- Supplied data
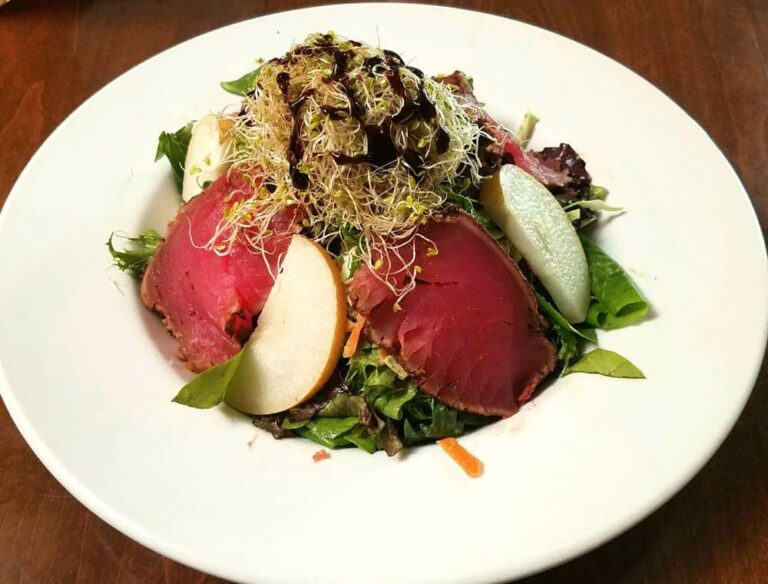 OMalleys ahi tuna salad 1 768x584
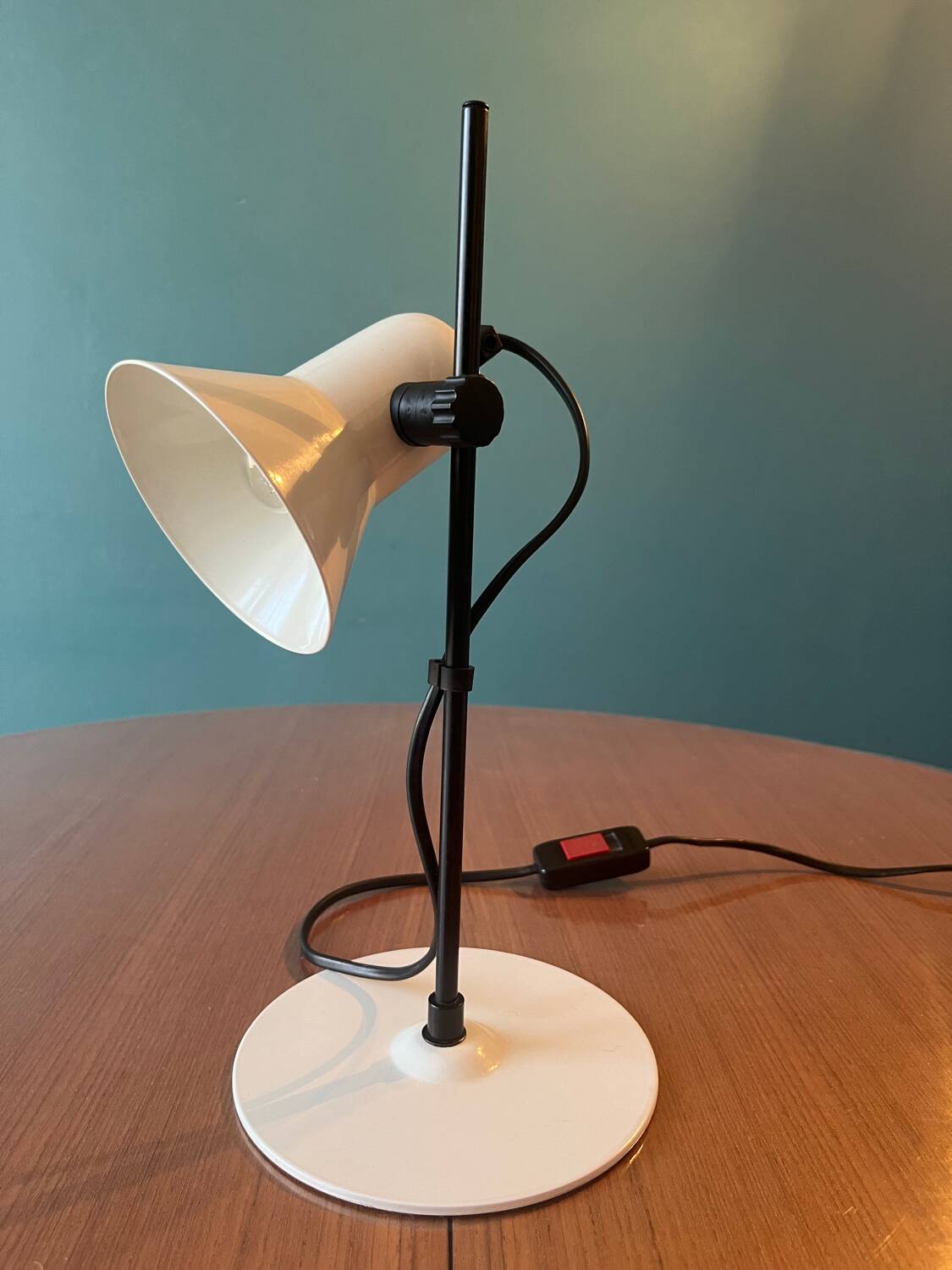 80s Italy Nuova Veneta Lumi lamp, black and white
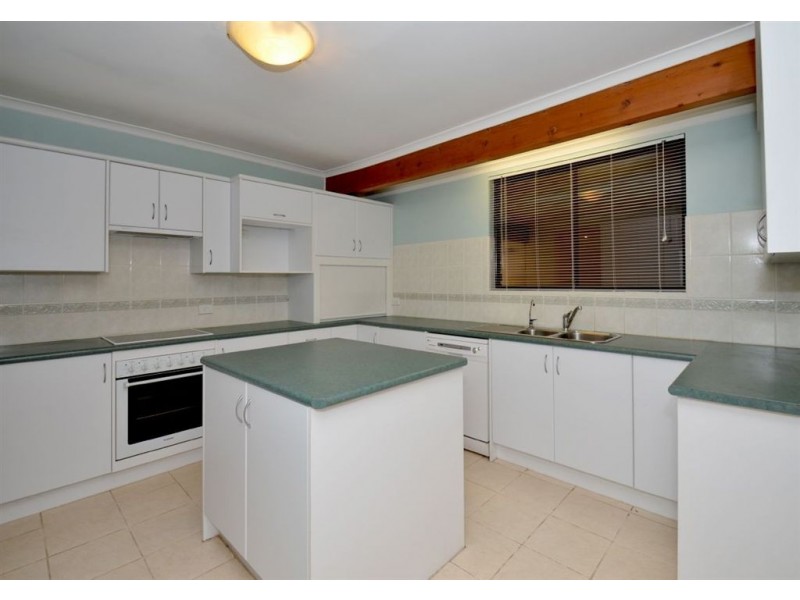 35 Hui Hui Drive, Happy Valley SA 5159
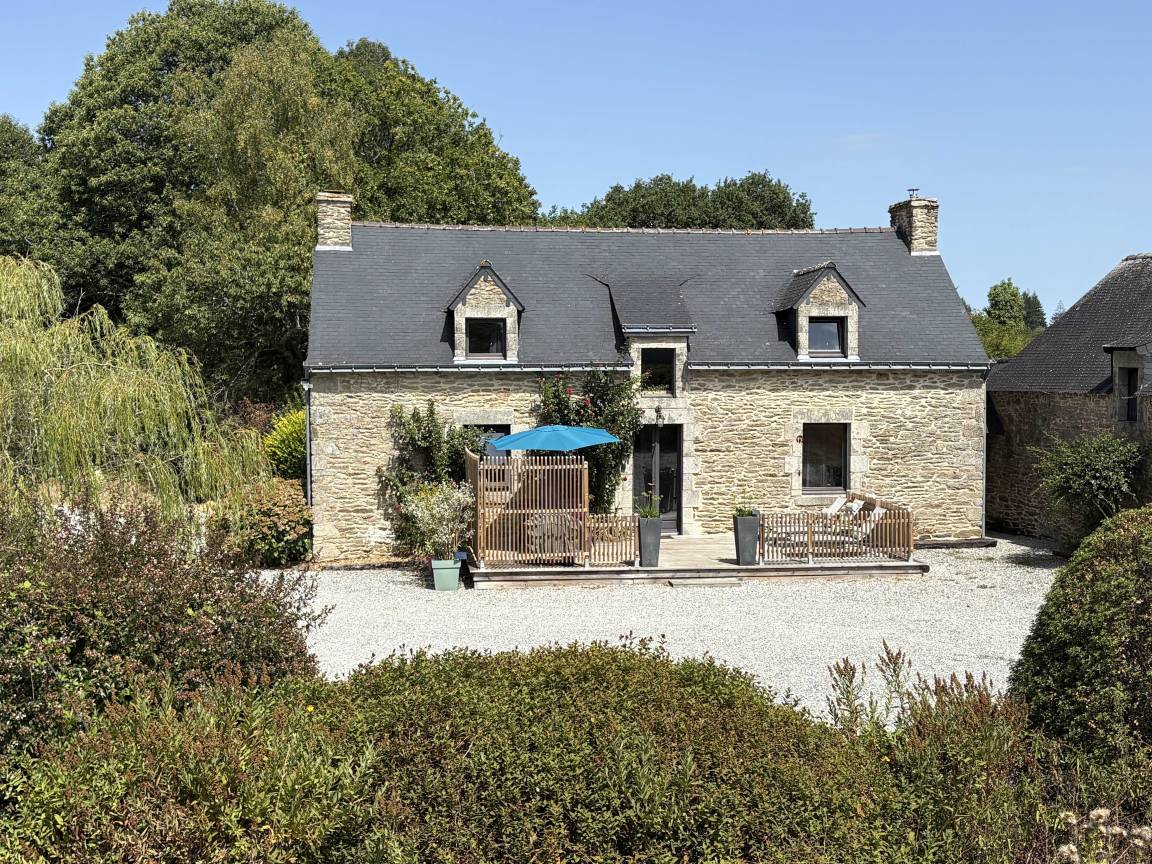 90 M² Gîte ∙ 2 Chambres ∙ 4 Personnes - Pont-Scorff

- Work request
A verbatim copy of the data, with all pictures omitted, is the required output.

- Answer to this problem
 OMalleys ahi tuna salad 1 768x584
 80s Italy Nuova Veneta Lumi lamp, black and white
 35 Hui Hui Drive, Happy Valley SA 5159
 90 M² Gîte ∙ 2 Chambres ∙ 4 Personnes - Pont-Scorff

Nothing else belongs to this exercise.